■ **How to complete this task**:
If pictures are present, leave them out, and copy the data word for word.

■ **Collected data**:
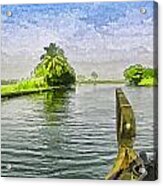 Captain Of The Houseboat Surveying Canal #7 Acrylic Print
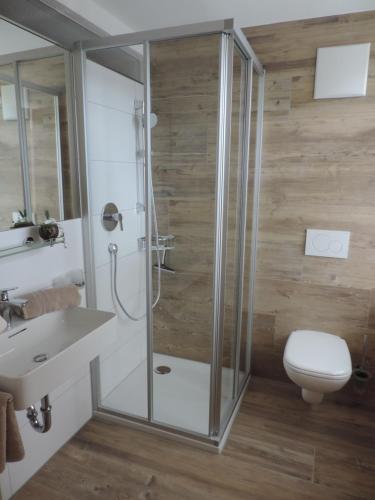 a bathroom with a shower and a sink and a toilet at Pension Burgschroffen in Fendels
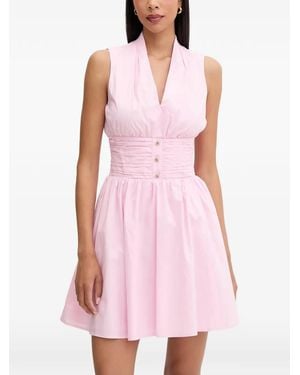 Morgan Ruched-Waist Sleeveless Mini Dress - Pink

■ **Solved exercise**:
 Captain Of The Houseboat Surveying Canal #7 Acrylic Print
 a bathroom with a shower and a sink and a toilet at Pension Burgschroffen in Fendels
 Morgan Ruched-Waist Sleeveless Mini Dress - Pink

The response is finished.